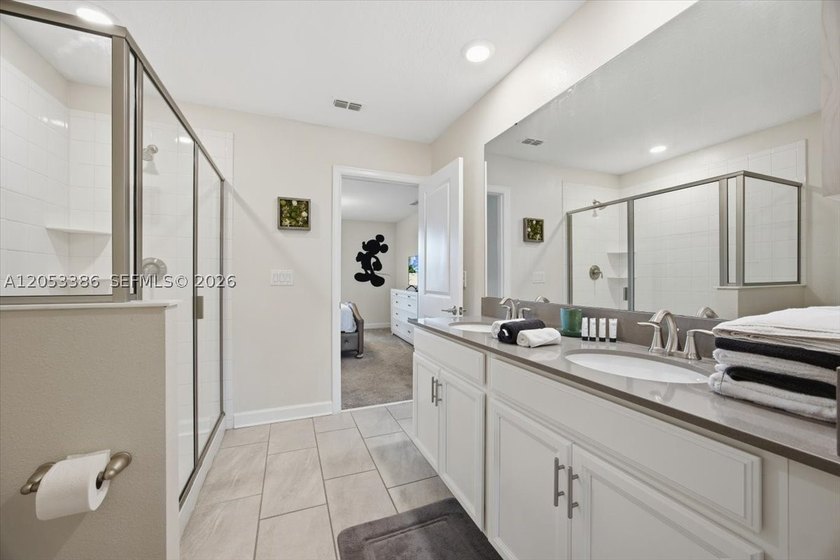 TURNKEY - FULLY FURNISHED - READY TO PRODUCE INCOME - SELLER - photo 26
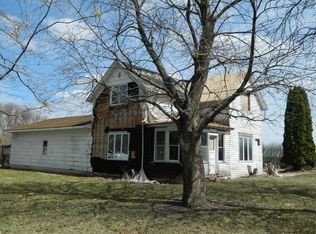 412 10th Ave, Clarkfield, MN 56223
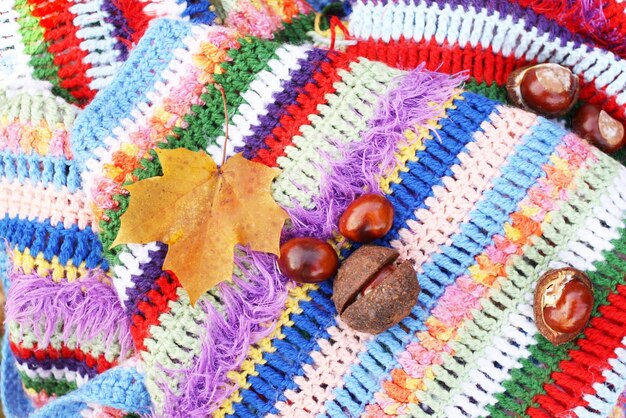 Foto diretamente acima do tiro de castanhas em têxteis multicoloridos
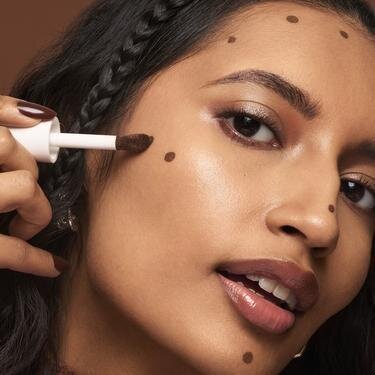 Model Applying Camo Liquid Bronzer & Contour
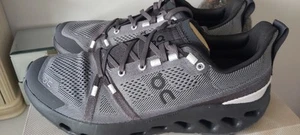 Scarpe da ginnastica On Running Cloudsurfer Trail da uomo alla moda in nero Eclipse - 9 UK - Foto 1 di 7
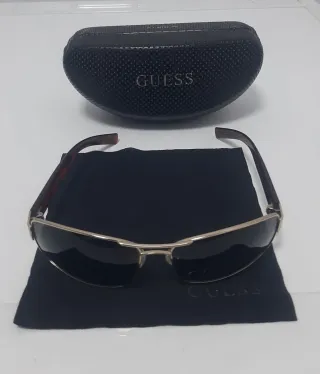 Gafas de sol Guess.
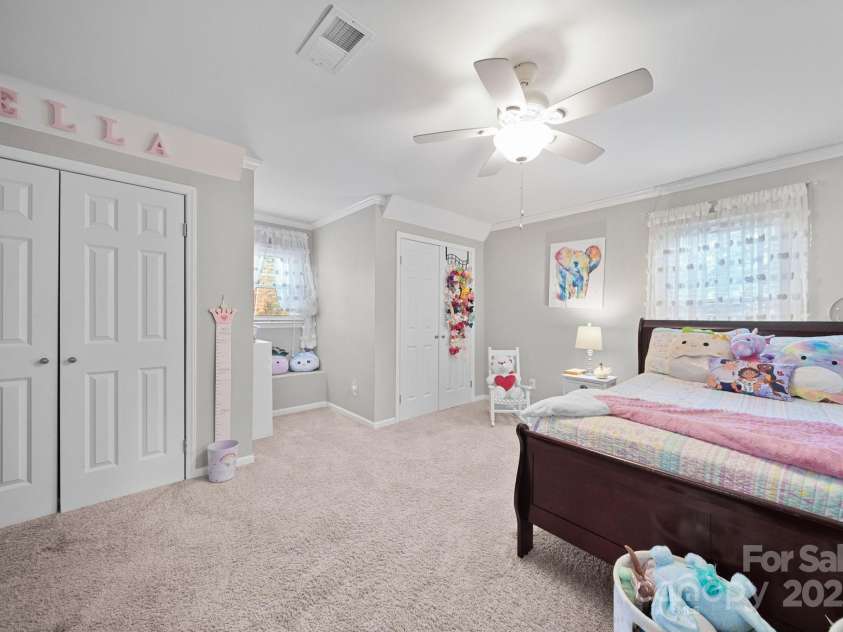 4724 Weddington Matthews Road, Matthews, NC 28104.  MLS# CAR4317216, YatesRealty ID 48786. 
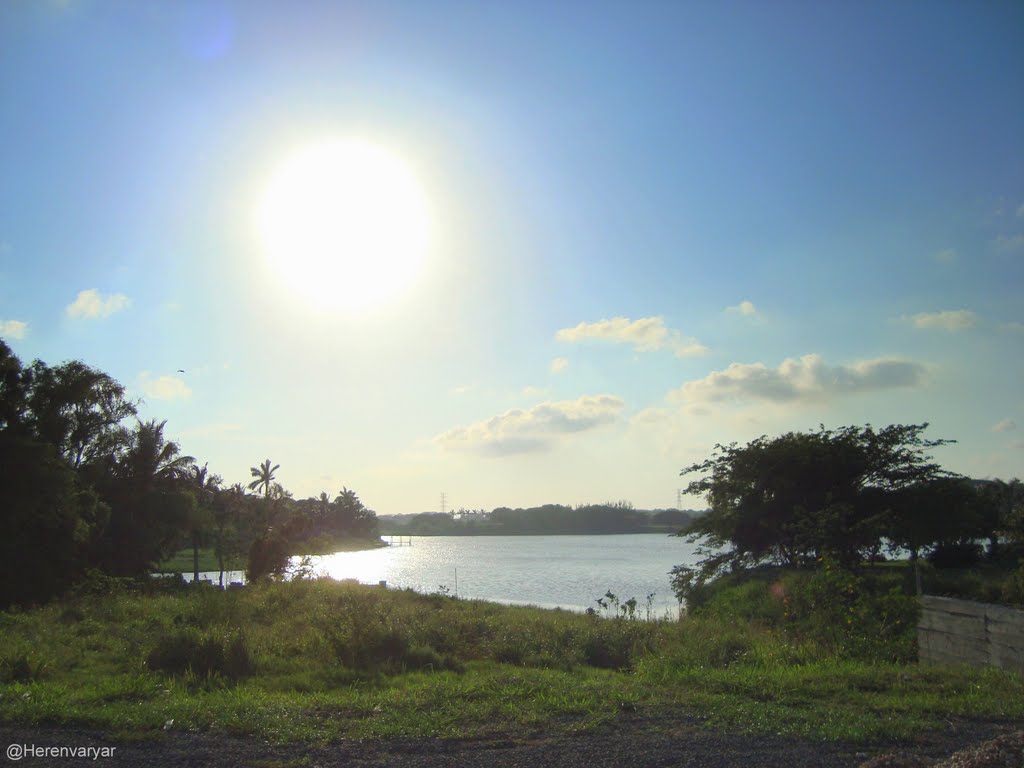El sol sobre la Laguna del Chairel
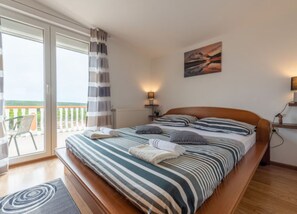 3 chambres, fer et planche à repasser, accès Internet, draps fournis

________________________

> _WORK TO BE COMPLETED_: In the answer, the entries should be restated verbatim, with all pictures omitted.

> _WRITTEN ANSWER_:
 TURNKEY - FULLY FURNISHED - READY TO PRODUCE INCOME - SELLER - photo 26
 412 10th Ave, Clarkfield, MN 56223
 Foto diretamente acima do tiro de castanhas em têxteis multicoloridos
 Model Applying Camo Liquid Bronzer & Contour
 Scarpe da ginnastica On Running Cloudsurfer Trail da uomo alla moda in nero Eclipse - 9 UK - Foto 1 di 7
 Gafas de sol Guess.
 4724 Weddington Matthews Road, Matthews, NC 28104.  MLS# CAR4317216, YatesRealty ID 48786. 
El sol sobre la Laguna del Chairel
 3 chambres, fer et planche à repasser, accès Internet, draps fournis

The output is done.